# Prayers for Kelly Gotch



## mydogisscout (Jun 24, 2005)

I got this status update from Kelly on facebook today. please keep her in your thoughts & prayers.

*Kelly Gotch*

8 hours ago via mobile

I am beyond despair. Please friends take a moment to check your smoke detectors. They save lives! I have just endured one of the most horrific experiences when I barely escaped as my house burned down. The day after I finished moving in, an electrical fire broke out in a room with no smoke detector and a closed door. I was alone sleeping and woke up from the noise of the roaring fire. There was no smoke in the rest of the house yet so no smoke detectors had gone off, yet that side of the house was completely engulfed in flames when I woke up. I burned my feet trying to save my friends lab who was in his kennel sleeping, but there was nothing I could do. It was too late. Even as I write this I cannot believe it's true. The smells, the sounds, the sights... I am in complete shock. I know how blessed I am to have made it out alive but the scale of our loss is astronomical. Thank you to the American Red Cross for their immediate assistance with clothing, shoes and food. It's hard to imagine what we'd all do without them.

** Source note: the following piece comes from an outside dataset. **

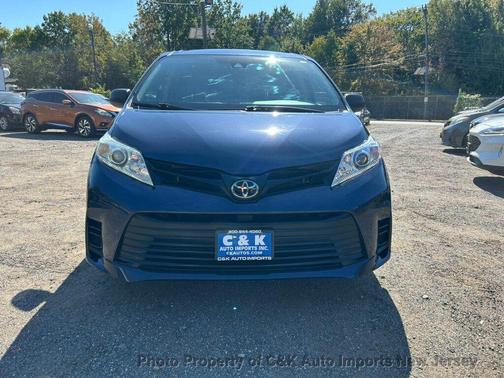 2019 Toyota Sienna SE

Please go check your smoke detectors right now They say 30 seconds longer and I'd likely have fallen victim to smoke inhalation. Protect yourselves, your pets and your families please. And please understand if you have sent messages to me that have gone unanswered. I will not be online often in the coming week or two so please call if you need me right away. Take care of yourselves! XO God bless. -Kelly


----------



## ih772 (Jan 28, 2003)

Holy crap that's terrible! I'm glad she made it out in time.


----------



## 2PawsRiver (Aug 4, 2002)

What a horror, glad she is OK.


----------



## KalamazooKid (Jun 20, 2005)

Wow


----------



## wartfroggy (Jan 25, 2007)

Very scarey. Glad she is ok.


----------



## Abolt (Mar 11, 2011)

So sad for that poor dog.


Outdoor Hub mobile, the outdoor information engine


----------



## Burksee (Jan 15, 2003)

Wow is right, you hear about this on the news but it sure takes on new meaning when it hits closer to home! Very sad to hear about the dog but very glad Kelly is able to tell about it.

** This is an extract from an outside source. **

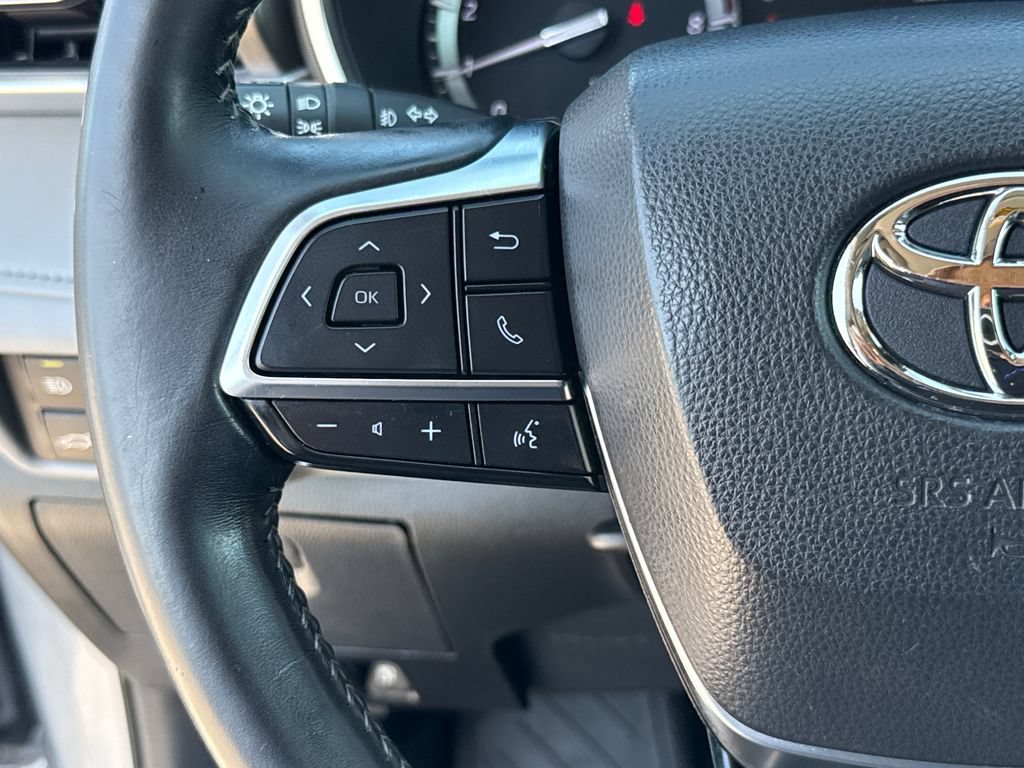 Used 2021 Toyota Highlander XLE FWD image 16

I recently replaced all my smoke detectors with the smoke and CO combo units. I use alkaline batterys and they get checked twice a year, replaced every fall when DLST rolls back. Cheap insurance to help protect a very precious and often under appreciated gift.


----------



## Robertodd (Mar 2, 2013)

Kelly, So glad to hear you are going to be okay. Let all of us know if we can help you in any way. Thrilled to hear you got out before more than just your foot was injured. I am definitely gn to check all 3 types of house detectors today. God Bless Ya!!


----------



## ridgewalker (Jun 24, 2008)

I will remember her in my prayers. That type of loss is devastating.


----------



## honk/quack (Dec 18, 2009)

As a former fire fighter (for a couple of years) I've seen some bad fires and I can tell you there is nothing good about a fire. Kelley if right-on about the smoke detectors . . . a must have! I'm really glad to hear that she is OK yet sad to hear about the pet. Best wishes.


----------



## Linda G. (Mar 28, 2002)

So sorry to hear about this, she's a sweet girl. A terrible tragedy.


----------